When I was 5 the future was obvious. I was going to be a veterinarian and take care of horses.
The Dutch "numerus clausus" lotery system restricting the number of students entering veterinary school, defeated me twice.
It threw me. Possibly much more so than I ever realized.
Not that I regret not being a vet. My image of being a vet was viewed through rose colored glasses at best.
But ever since I didn't get the chance to become what up till then I had always wanted to be, I have never really been sure about what I wanted to do instead.
I didn't have a plan B.
Some say that is good, because having a plan B makes you less invested in plan A. Some say it is bad, because you get stuck when plan A fails.

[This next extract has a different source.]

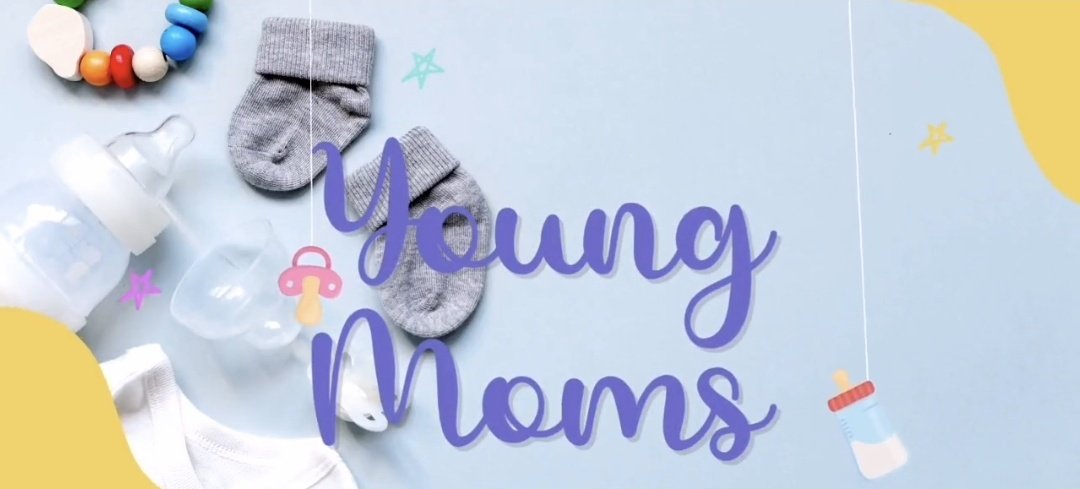 KabeloMohlah02's tweet photo. We all watching #YoungMoms right https://t.co/aYsoqGQMbA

There is merit in both points of view. Looking back, you might say that I am a prime example of why it is bad not to have a plan B.
Don't quite agree with that though. For one, I have never been stuck. I tend to come up with plan B when I need one. But more importantly, it assumes that your goal remains the same and you only need a different way of reaching it.
I didn't need a plan B, I needed a goal B.
And I found one. And another one, And a third. Went back to the second. And now, I am once again wondering whether what I am doing is really what I want to do when I grow up.
Sad in a sense.
But not all sad.
Not at all.
In fact, I view it as a golden opportunity. A chance to refocus my life. Or should I say to finally focus my life? To take life by the short and curlies instead of letting life happen to me.
Who knows what will come out of this.
I may end up doing what I have been doing most of my working life, I may turn my life around completely.
All of a sudden (well, not so sudden, but anyway), my life is once again abound with possibilities. It's like being at the start of my life again. The sheer number of possibilities feels overwhelming at times. But it also feels good. Very good indeed. Life looks a lot brighter than it did a couple of months ago.